▸ **Given data**:
= = = =

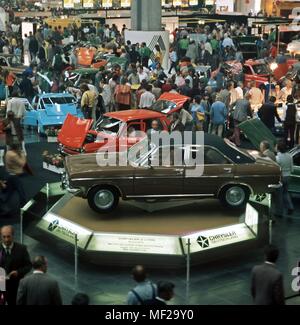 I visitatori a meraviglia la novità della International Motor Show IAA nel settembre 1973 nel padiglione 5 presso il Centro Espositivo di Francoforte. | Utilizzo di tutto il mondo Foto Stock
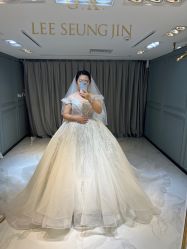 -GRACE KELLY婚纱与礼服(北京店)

= = = =

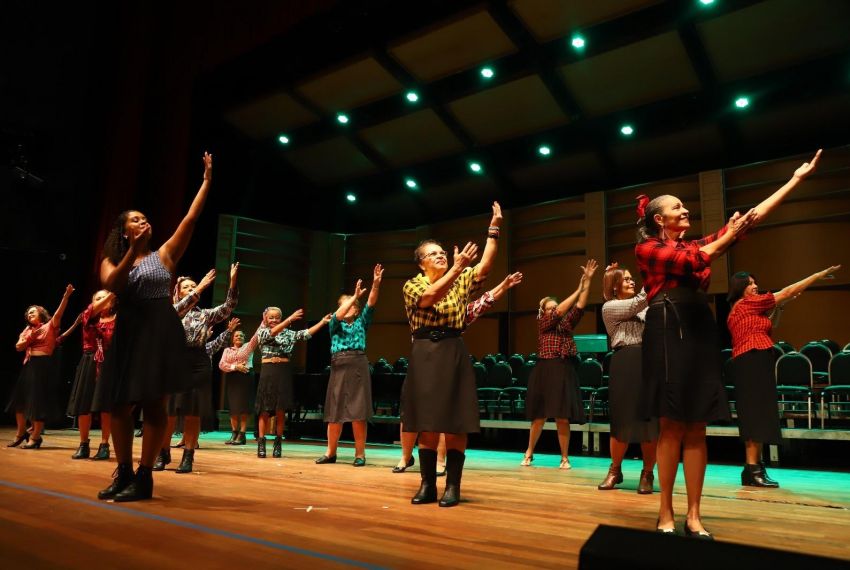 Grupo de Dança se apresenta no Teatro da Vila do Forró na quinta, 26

= = = =

▸ **Task to complete**: In the data above, find the line containing "I visitatori a" and the line containing "-GRACE KELLY婚纱与礼服(北京店)". Repeat those two lines and everything between them exactly, minus the pictures.

▸ **Answer for this exercise**:
 I visitatori a meraviglia la novità della International Motor Show IAA nel settembre 1973 nel padiglione 5 presso il Centro Espositivo di Francoforte. | Utilizzo di tutto il mondo Foto Stock
 -GRACE KELLY婚纱与礼服(北京店)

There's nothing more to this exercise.